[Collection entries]
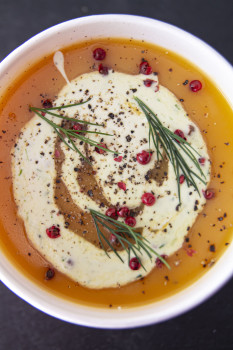 Hausgemachte Suppe - Süßkartoffelsuppe Hausgemachte Suppe - Süßkartoffelsuppe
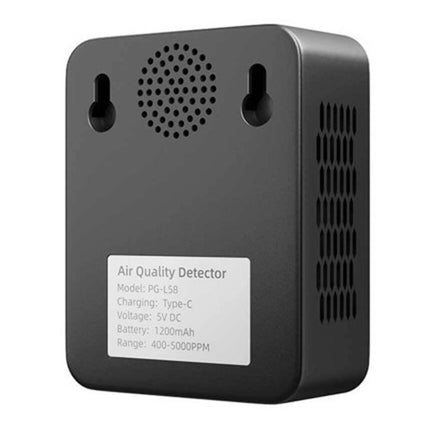 5 in 1 Air Quality Monitor CO2 TVOC HCHO Detector Temp Humidity USB Rechargeable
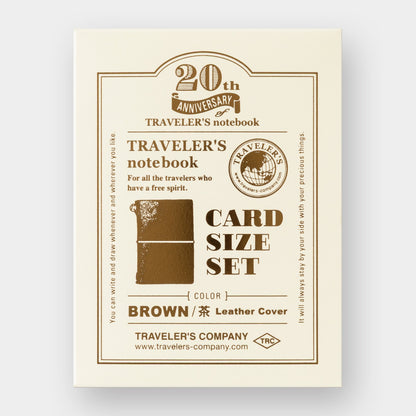 TRAVELER’S notebook Card Size 20th Anniversary Set [Brown]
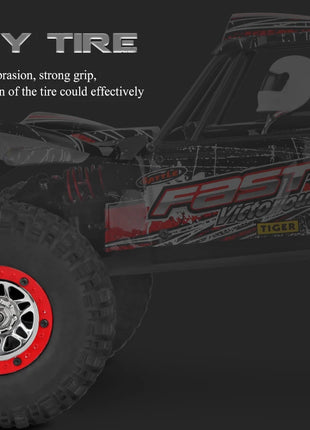 Giocattolo per bambini Hot WLtoys 10428 RC Auto 45CM 2.4G Scala 1:10 Doppia velocità Radiocomando Elettrico Wild Track Warrior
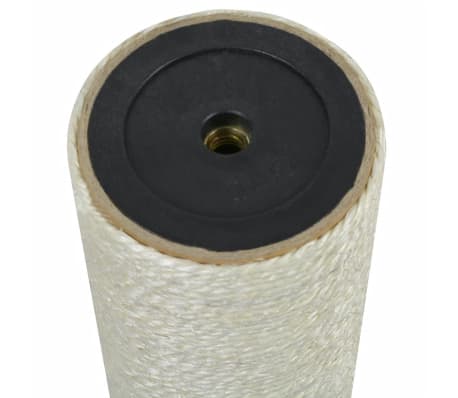 vidaXL Cat Scratching Post 8x20 cm 10 mm Beige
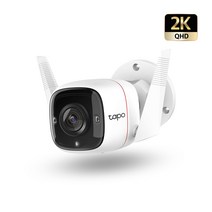 핫딜 티피링크 Tapo C320WS 400만화소 고정형 실외 방수 풀컬러 매장용 카메라 가정용 CCTV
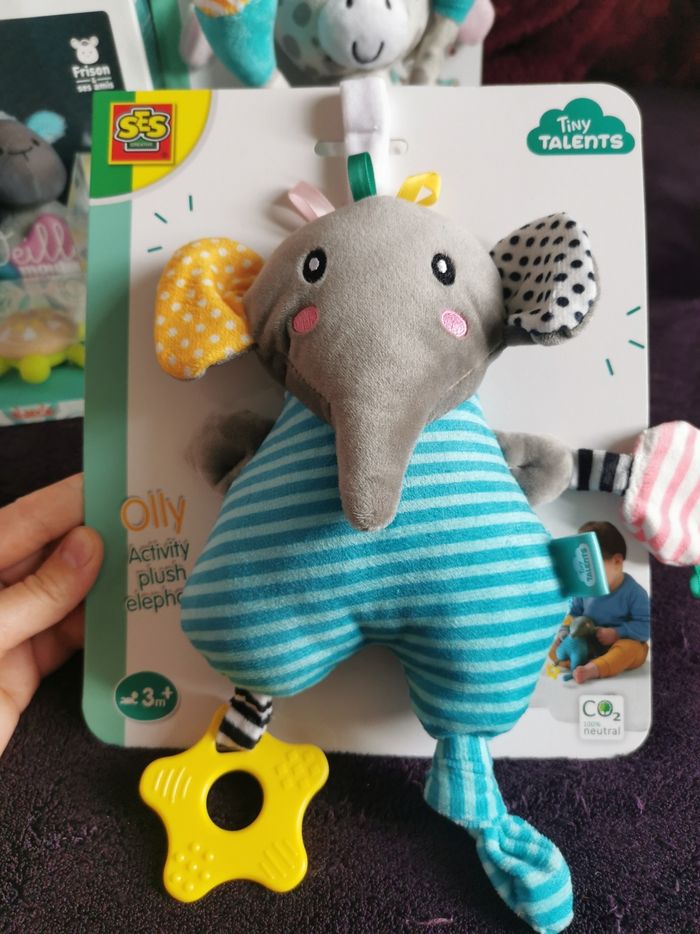 Olly l elephant peluche sensoriel neuf - photo numéro 2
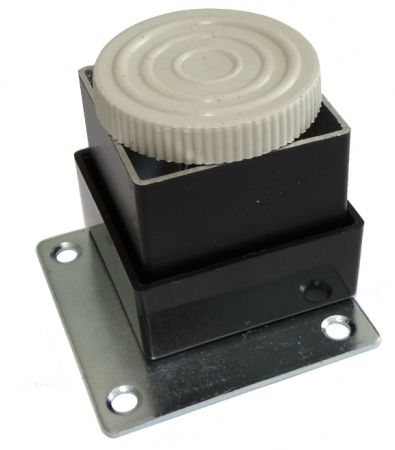 Picior metalic pentru mobilier H:50 mm, finisaj negru, profil patrat 40x40 mm cu masca [1]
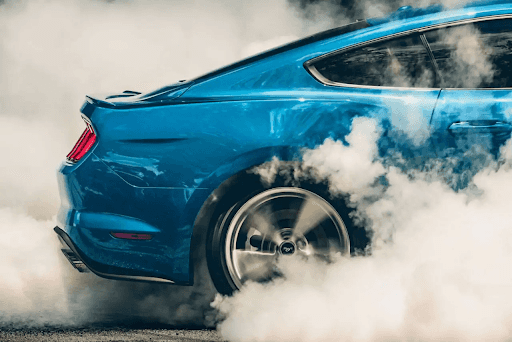 2022 shelby gt500 burnout wallpaper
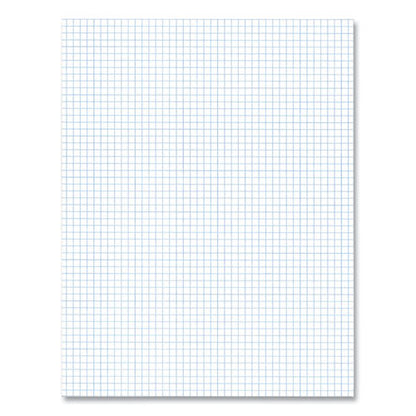 Gummed Pad, 5 Sq/in Quadrille Rule, 50 White 8.5 X 11 Sheets, 72/carton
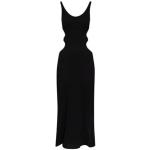 Casual Zwarte Zijden Chloé Mouwloze jurken Ronde hals  in maat M Midi / Kuitlang in de Sale voor Dames 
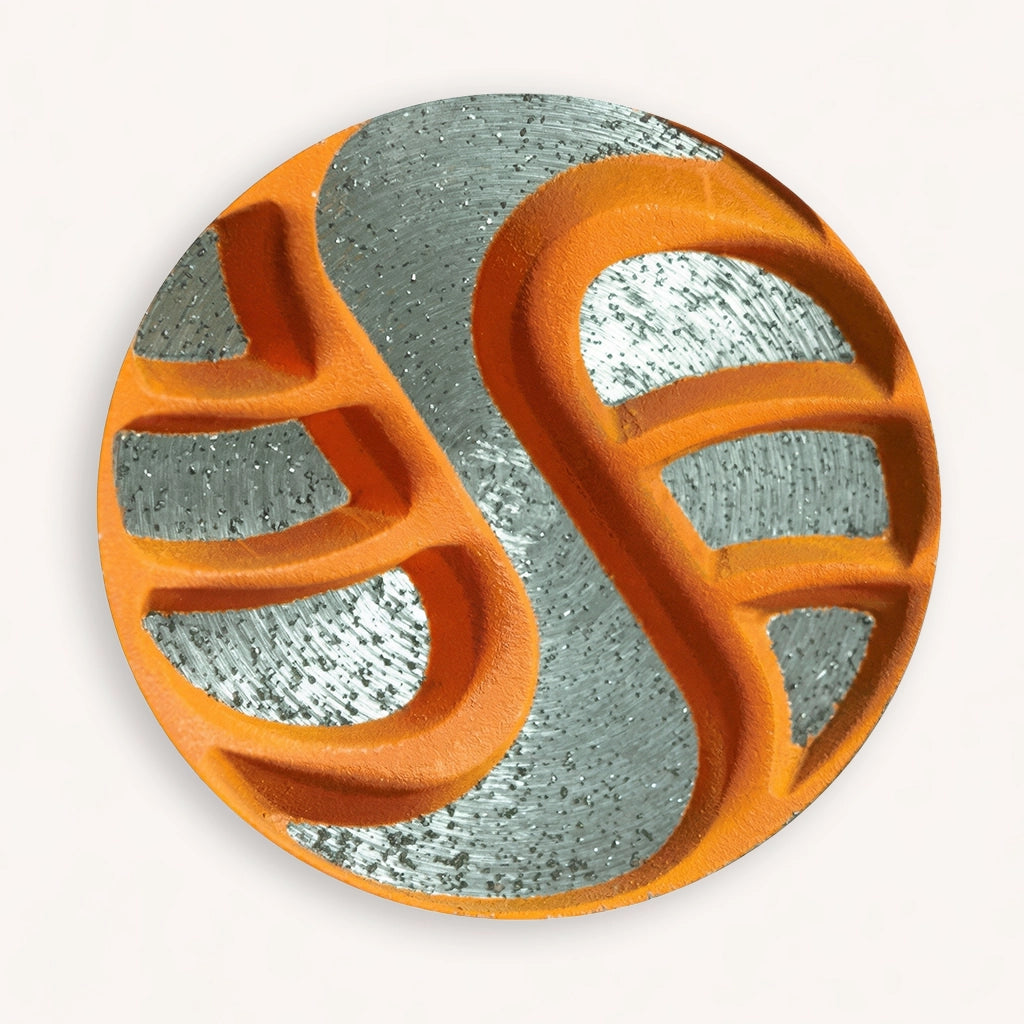 Orange Series SCP Logo Diamonds-30 Grit – The Concrete Protector Store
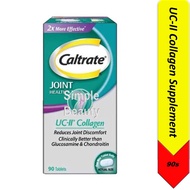 CALTRATE Joint Health UC-II Collagen Supplement, 2X more effective and Reduce joint discomfort, 90 Tabs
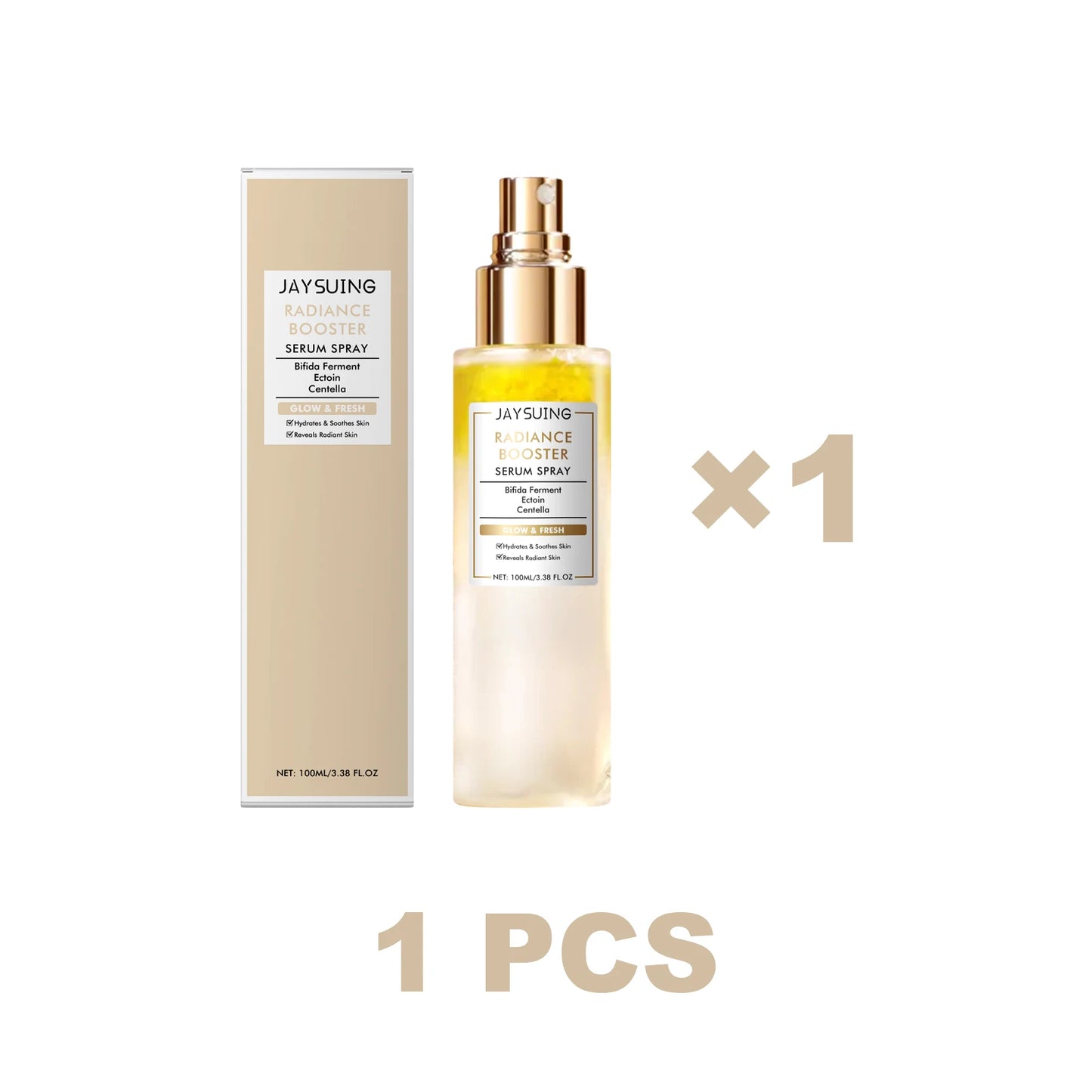 Radiance Booster Serum Spray Moisturizing Relief For Sensitive Skin Nourishing Face Mist Even Skin Tone Winter Skincare Peaceful Pleasures Health and Wellness 1 pcs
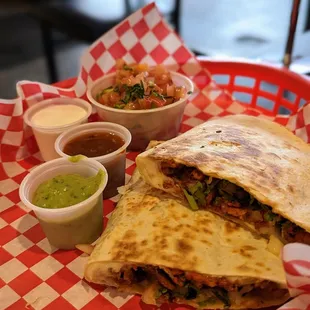 Pastor quesadilla ($11)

_Task brief_
From the data above, retype only the lines starting with the line with "TRAVELER’S notebook Card" and going on through the line with "CALTRATE Joint Health", exactly, leaving out the pictures.

_Solution to this exercise_
 TRAVELER’S notebook Card Size 20th Anniversary Set [Brown]
 Giocattolo per bambini Hot WLtoys 10428 RC Auto 45CM 2.4G Scala 1:10 Doppia velocità Radiocomando Elettrico Wild Track Warrior
 vidaXL Cat Scratching Post 8x20 cm 10 mm Beige
 핫딜 티피링크 Tapo C320WS 400만화소 고정형 실외 방수 풀컬러 매장용 카메라 가정용 CCTV
 Olly l elephant peluche sensoriel neuf - photo numéro 2
 Picior metalic pentru mobilier H:50 mm, finisaj negru, profil patrat 40x40 mm cu masca [1]
 2022 shelby gt500 burnout wallpaper
 Gummed Pad, 5 Sq/in Quadrille Rule, 50 White 8.5 X 11 Sheets, 72/carton
 Casual Zwarte Zijden Chloé Mouwloze jurken Ronde hals  in maat M Midi / Kuitlang in de Sale voor Dames 
 Orange Series SCP Logo Diamonds-30 Grit – The Concrete Protector Store
 CALTRATE Joint Health UC-II Collagen Supplement, 2X more effective and Reduce joint discomfort, 90 Tabs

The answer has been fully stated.